HOW TO COMPLETE THIS TASK:
Copy nothing before the line that contains "Outsunny 8' x"; from there, transcribe each line exactly through the end of the material, omitting pictures.
+---+
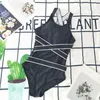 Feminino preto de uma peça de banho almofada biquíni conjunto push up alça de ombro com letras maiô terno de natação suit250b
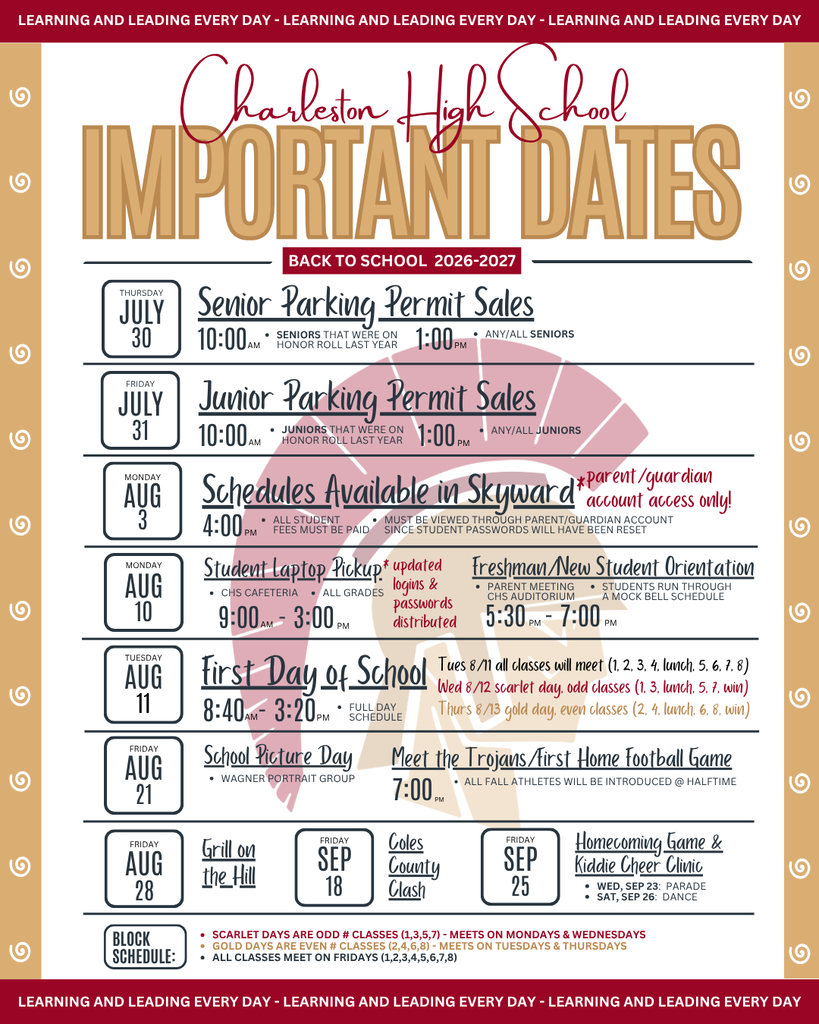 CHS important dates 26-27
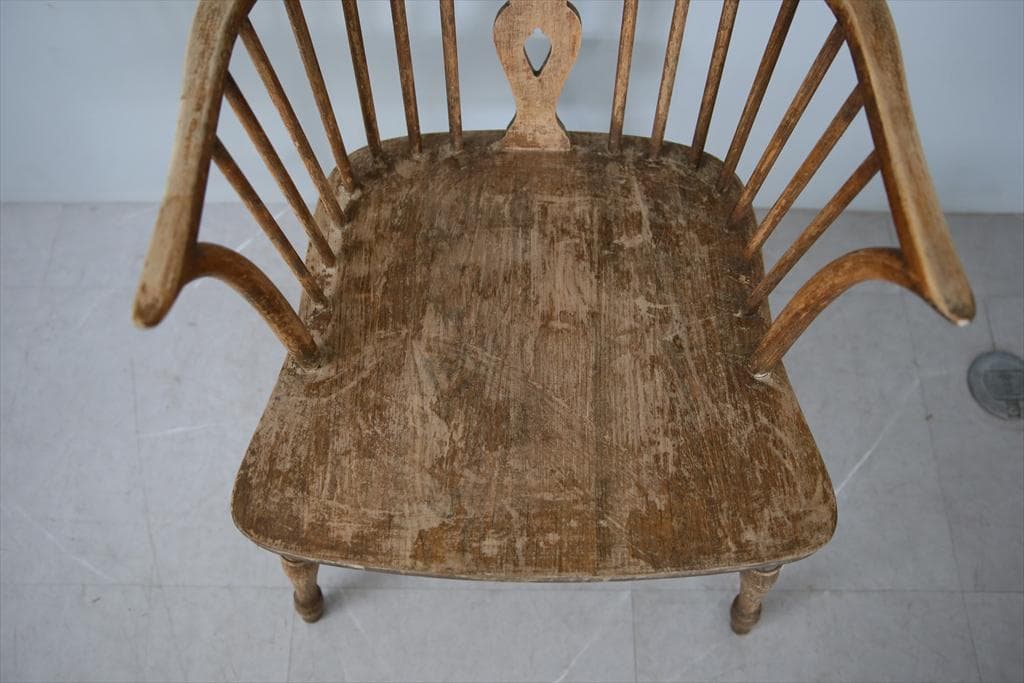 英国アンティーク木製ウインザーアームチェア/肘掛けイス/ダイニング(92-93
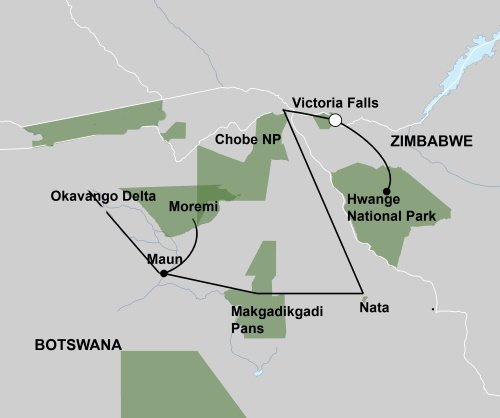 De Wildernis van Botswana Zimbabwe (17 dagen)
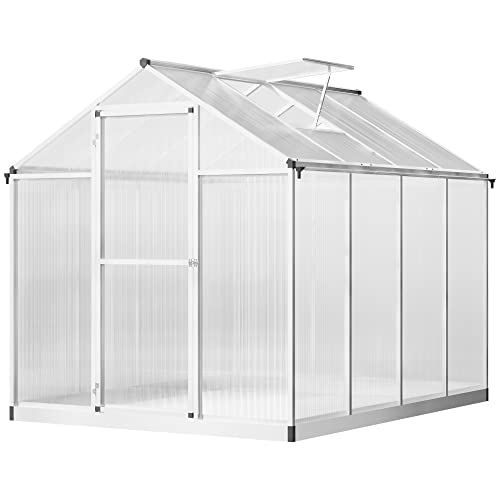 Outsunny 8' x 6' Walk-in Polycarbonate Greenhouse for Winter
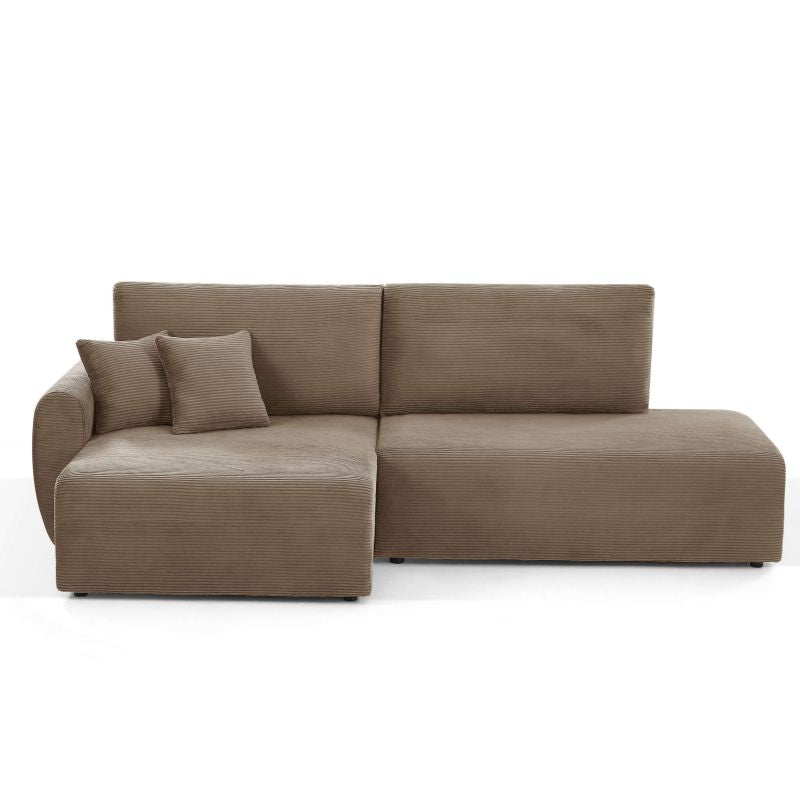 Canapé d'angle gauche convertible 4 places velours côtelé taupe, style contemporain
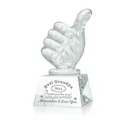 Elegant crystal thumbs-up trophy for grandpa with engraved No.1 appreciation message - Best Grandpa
+---+
EXPECTED OUTPUT:
 Outsunny 8' x 6' Walk-in Polycarbonate Greenhouse for Winter
 Canapé d'angle gauche convertible 4 places velours côtelé taupe, style contemporain
 Elegant crystal thumbs-up trophy for grandpa with engraved No.1 appreciation message - Best Grandpa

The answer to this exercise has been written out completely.